(Exercise data)
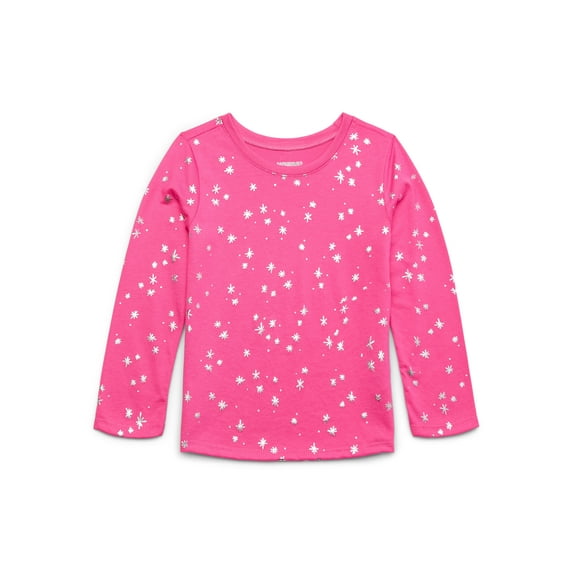 Garanimals Toddler Girl Metallic Foil Print Tee with Long Sleeves, Sizes 18M-5T
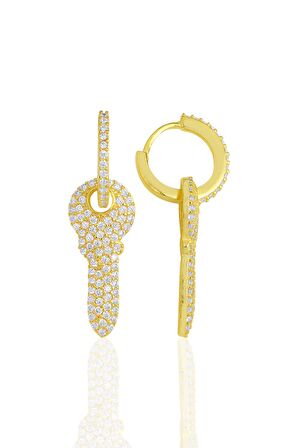 Gümüş altın yaldızlı zirkon taşlı anahtar küpe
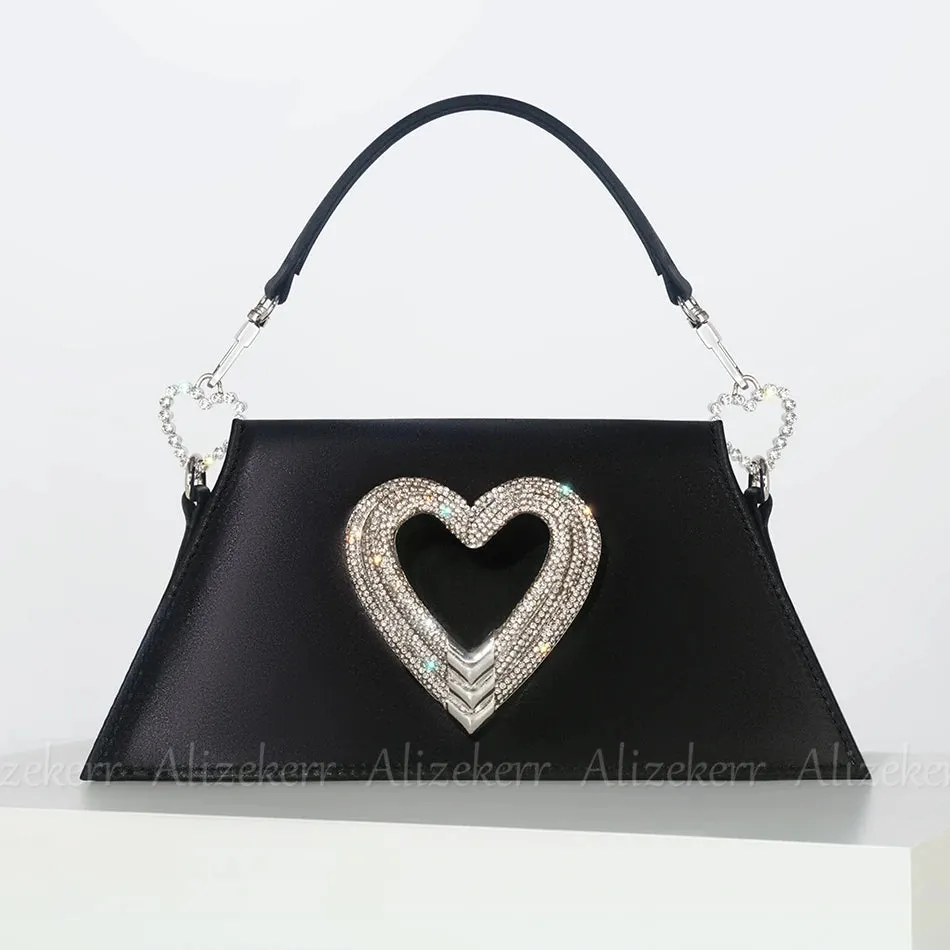 Rhinestone Heart Shaped Satin Handbags and Purses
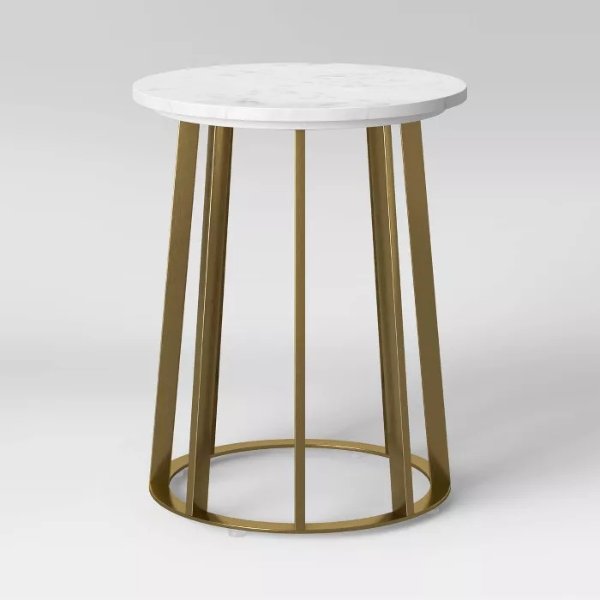 Ellesmere Round Marble End Table White - Project 62&#8482;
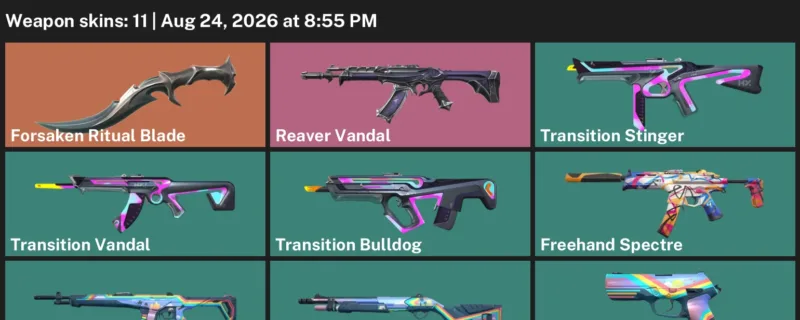 Valorant account inventory for LVL 48 · Forsaken Ritual Blade & Reaver Vandal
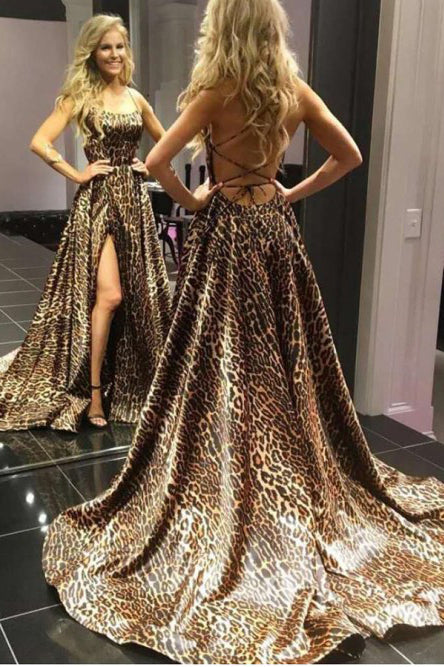 Sexy Prom Dresses A-Line Spaghetti Straps Sweep Train Leopard Printed cathyprom Sexy Prom Dresses A-Line Spaghetti Straps Sweep Train Leopard Printed cathyprom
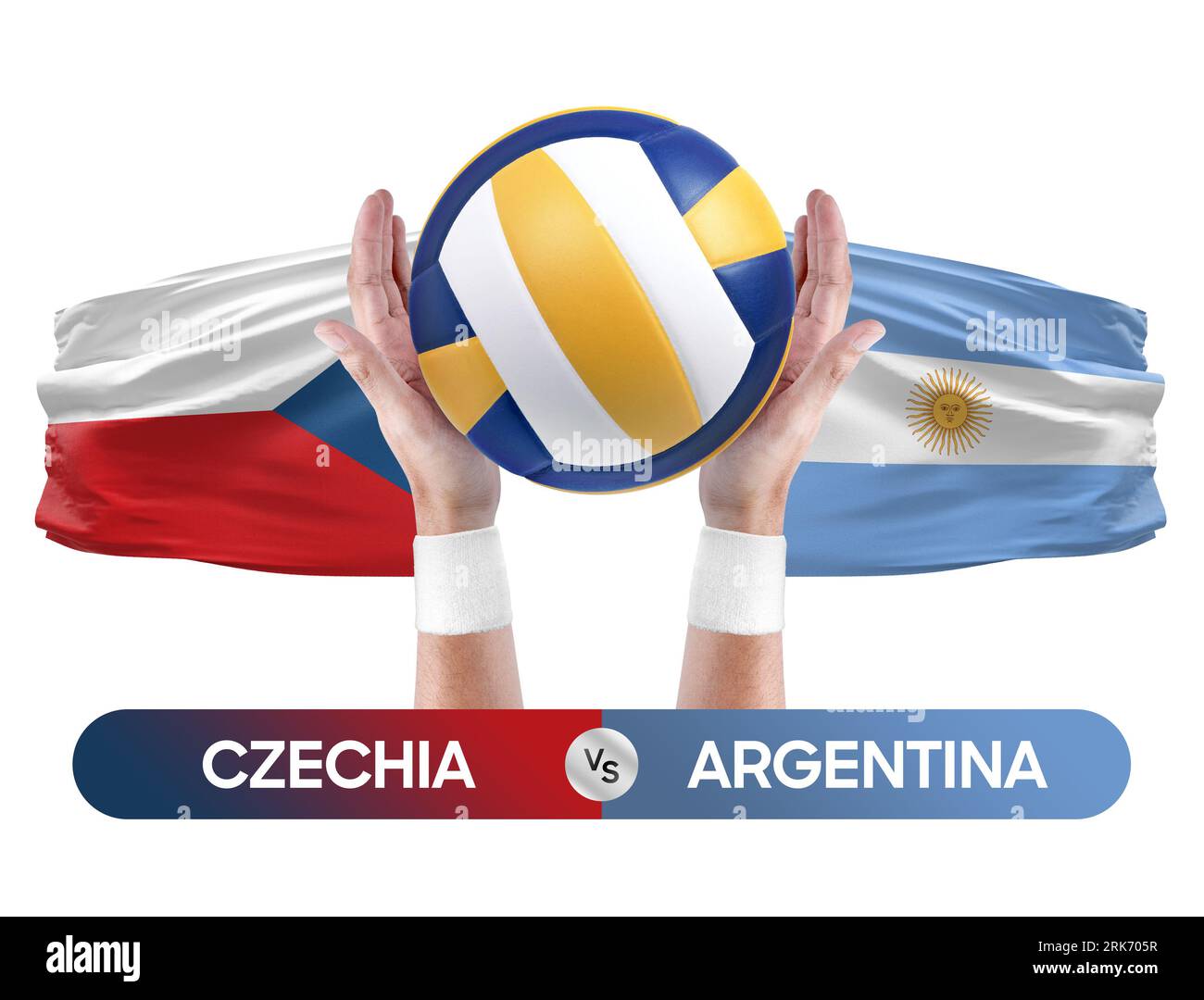 Tschechien gegen Argentinien Nationalmannschaften Volleyball Volleyball-Ball-Match-Konzept. Stockfoto
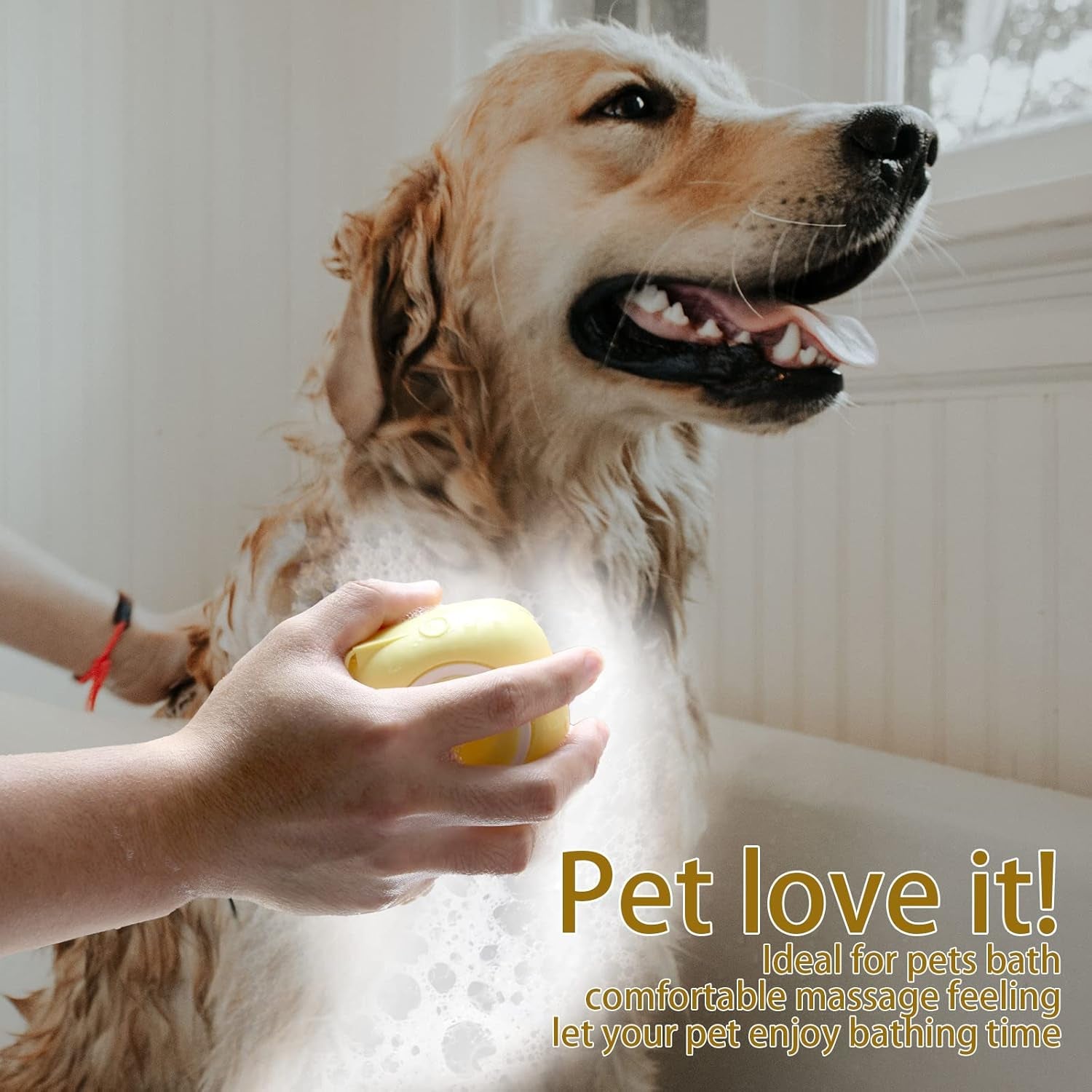 Pet Bath Brush Dog Shampoo Dispenser Dog Bath Brush Scrubber (Yellow)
(End Exercise data)
◆ Required work: Copy out every line of the data exactly, leaving the images behind.

◆ Answer below:
 Garanimals Toddler Girl Metallic Foil Print Tee with Long Sleeves, Sizes 18M-5T
 Gümüş altın yaldızlı zirkon taşlı anahtar küpe
 Rhinestone Heart Shaped Satin Handbags and Purses
 Ellesmere Round Marble End Table White - Project 62&#8482;
 Valorant account inventory for LVL 48 · Forsaken Ritual Blade & Reaver Vandal
 Sexy Prom Dresses A-Line Spaghetti Straps Sweep Train Leopard Printed cathyprom Sexy Prom Dresses A-Line Spaghetti Straps Sweep Train Leopard Printed cathyprom
 Tschechien gegen Argentinien Nationalmannschaften Volleyball Volleyball-Ball-Match-Konzept. Stockfoto
 Pet Bath Brush Dog Shampoo Dispenser Dog Bath Brush Scrubber (Yellow)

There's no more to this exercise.